Start of Block

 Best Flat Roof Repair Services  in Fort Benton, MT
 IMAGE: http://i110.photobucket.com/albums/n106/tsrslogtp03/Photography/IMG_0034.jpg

End of Block
Start of Block

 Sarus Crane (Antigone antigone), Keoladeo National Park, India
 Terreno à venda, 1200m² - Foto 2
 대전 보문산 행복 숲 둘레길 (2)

End of Block
Start of Block

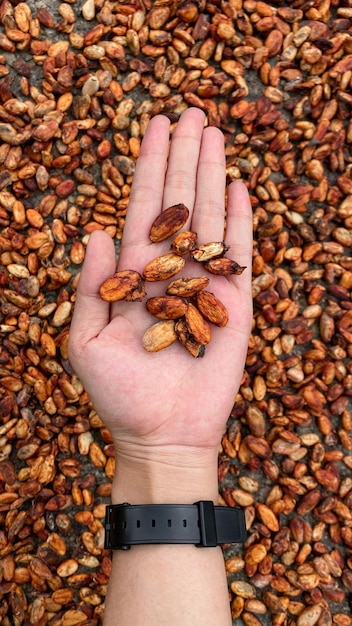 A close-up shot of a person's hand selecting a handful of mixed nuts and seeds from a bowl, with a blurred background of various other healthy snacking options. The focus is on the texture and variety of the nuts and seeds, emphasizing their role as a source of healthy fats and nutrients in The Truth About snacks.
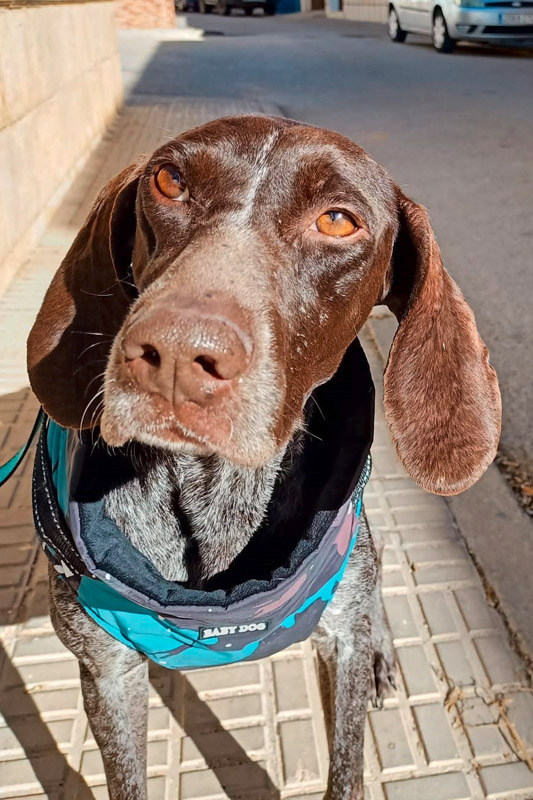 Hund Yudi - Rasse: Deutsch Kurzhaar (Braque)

End of Block

▶ YOUR GOAL: Set down only the lines above that fall between the line holding "Sarus Crane (Antigone" and the line holding "대전 보문산 행복 숲 둘레길 (2)", inclusive, keeping each exact.

▶ TASK RESPONSE:
 Sarus Crane (Antigone antigone), Keoladeo National Park, India
 Terreno à venda, 1200m² - Foto 2
 대전 보문산 행복 숲 둘레길 (2)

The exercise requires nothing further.